One of the latter was a bright, promiscuous girl named Trucanini, about eighteen years old, also from Bruny Island.98 She was very small, only 4 feet 3 inches high, and had pronounced curly whiskers; in other respects, all white witnesses agreed, she was remarkably attractive—for an Aborigine. As a child, she had seen her mother stabbed to death in a night raid by whites; later, a sealer named John Baker had kidnapped two of her tribal sisters and her blood sister, Moorina, and taken them in slavery to the tribe of white pirates that lived on Kangaroo Island, far to the west off the coast of South Australia. He
r stepmother was abducted by the convict mutineers of the brig Cyprus and must have died as they were seeking China; she was never heard from again. Around 1828, she was crossing from the mainland to Bruny Island with several tribesmen, to one of whom she was “betrothed,” in a boat manned by two convict loggers. In mid-channel, the whites seized the black men and threw them overboard; when they grabbed for the gunwale and tried to haul themselves up, the loggers chopped their hands off and left them to sink. They then rowed her ashore and raped her. Trucanini, one would presume, had every reason to hate the whites. In fact she sought their company thereafter and was busy becoming a sealers’ moll, sterile from gonorrhea, hanging around the camps and selling herself for a handful of tea and sugar, when Robinson and his guide Woorrady persuaded her to come on their long, strange journey of “conciliation” to the remaining tribes of Van Diemen’s Land.
They all set off in the winter of 1830, ill-equipped and badly provisioned, and suffered appalling hardships from exposure, hunger and scurvy. But they worked their way around the west coast, from Port Davey to Macquarie Harbor and thence to Cape Grim, the aptly named northwesternmost tip of Van Diemen’s Land. From there they struck east along the coast and reached Launceston early in October, just after Arthur’s Black Line had begun working south.
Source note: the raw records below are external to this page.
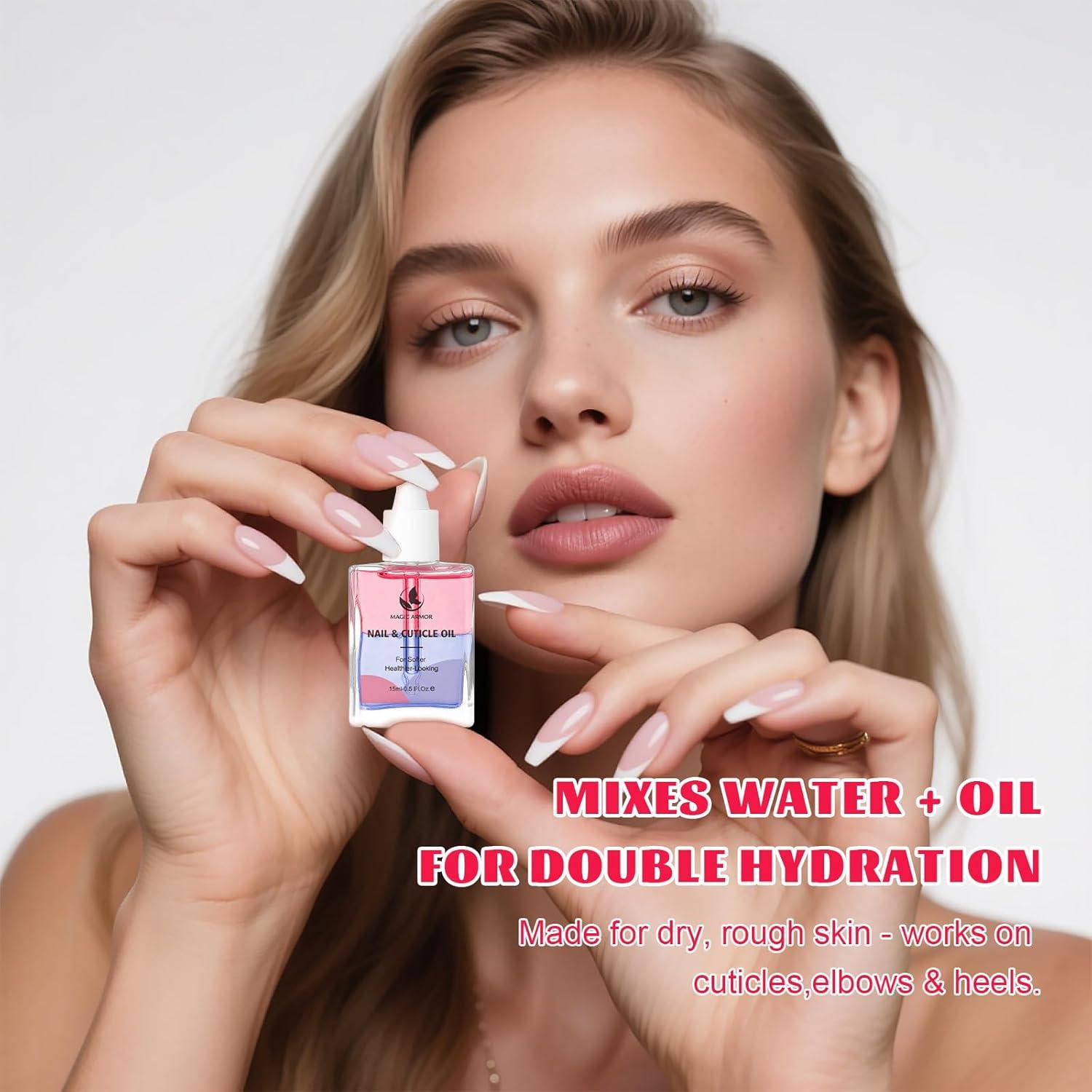 Aceite para Cutículas MAGIC ARMOR 15ml - Endurecedor con Vitamina E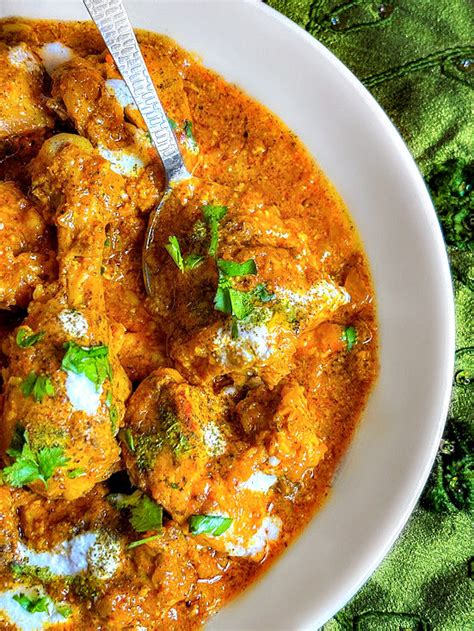 Dahi Chicken Recipe Indian Yogurt Chicken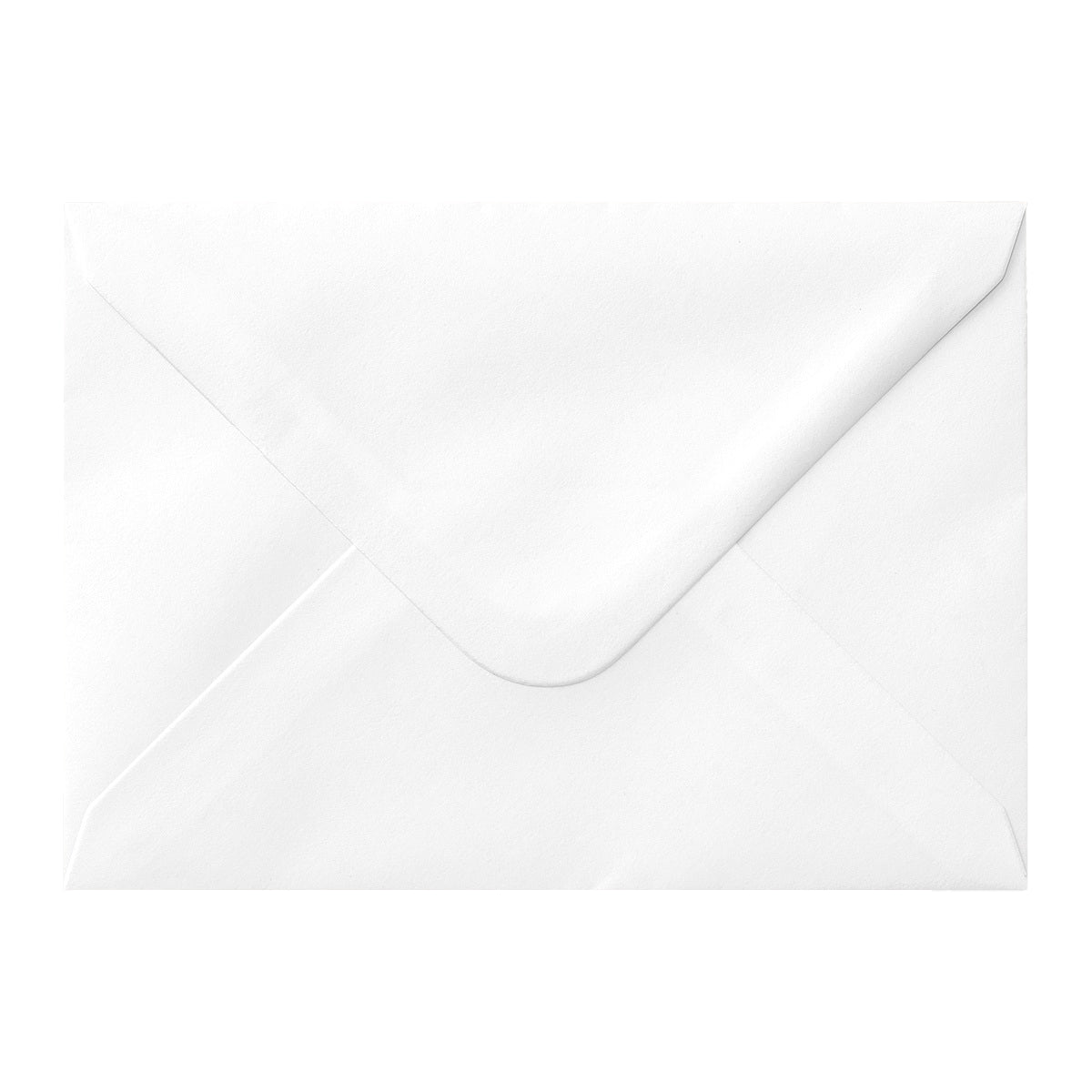 Witte envelop 120x165 mm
Robinson was to venture upon five more such expeditions, and by the end of 1834 Robinson had made contact with every tribe and group of Aborigines left in Tasmania. Always the method was the same: opening civilities with presents and food, and a winning of the shy or hostile blacks’ confidence with the help of Woorrady and Trucanini; a compilation of their basic vocabularies; notes on their ceremonies and religious customs, as far as he could determine them; a friendly parting, and then a new visit with promises of sanctuary. If they would “come in” with him, the Conciliator told these dying and frightened remnants of their race, they would be given a safe haven where no white man would persecute them, where they would have food and clothing and peace. Slowly, the blacks followed him; and when he brought in the last of the once-feared warriors of the Big River and Oyster Bay tribes—a pathetic group of sixteen people—he was greeted like a Roman conqueror in Hobart. A colonial artist, Benjamin Duterreau, painted him posed with “his” Aborigines; the girl on the right, leading a doubtful native by one hand and pointing at Robinson with the other, is Trucanini, the arch-traitor to her race.